Important Notes on Derivative of Arccos

• The derivative of arccos x is given by -1/√(1-x²) where -1 < x < 1
• The derivative of cos inverse w.r.t. sin inverse is -1.
• ∫cos^-1x dx = x cos^-1x - √(1 - x²) + C

Topics Related to Derivative of Arccos

• Derivative of Sin inverse x
• Cos Inverse Formula
• Inverse Trigonometric Formulas

What is Derivative of Arccos in Trigonometry?

The derivative of arccos x in trigonometry is given by -1/√(1-x²) where -1 < x < 1.

How to Prove the Derivative of Arccos x?

The derivative of arccos can be proved using different methods including implicit differentiation and the first principle of differentiation.

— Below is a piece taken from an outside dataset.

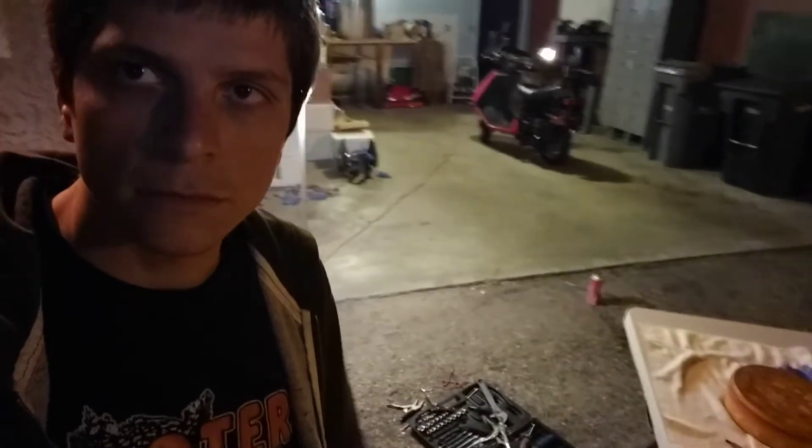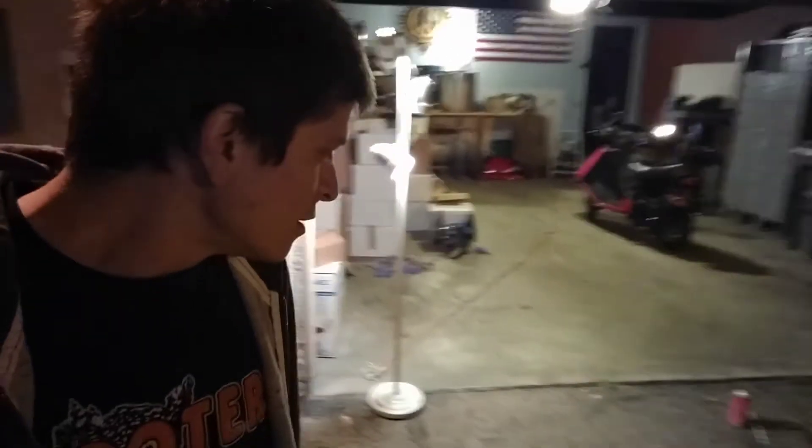All right, you can tell that I've been working out here pretty late, got the lighting and everything, and we fixed it.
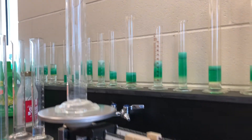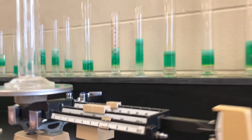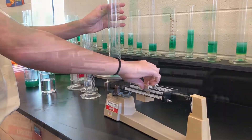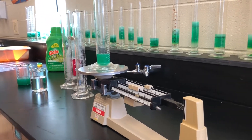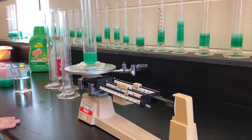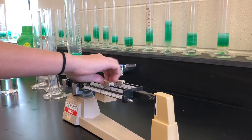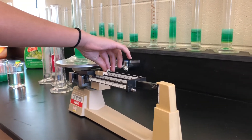Measure the mass of the graduated cylinder and record this in the first column of your table. Measure 25 milliliters of laundry soap and record this in the volume column of your table. Measure the mass of the graduated cylinder with the laundry soap included and record this measurement in your table. Calculate the mass of the liquid by subtracting the mass of the graduated cylinder from the mass of the graduated cylinder with liquid using the formula below.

What is the Anti-Derivative of Arccos?

The anti-derivative of arccos is nothing but the integral of the inverse cosine function which is given by ∫cos^-1x dx = x cos^-1x - √(1 - x²) + C

What is the Derivative of Arccos w.r.t. Sin Inverse?

The derivative of cos inverse w.r.t. sin inverse is -1.

How to Find the Derivative of Arccos x?

We can obtain the derivative of arccos using different methods including implicit differentiation and the first principle of differentiation.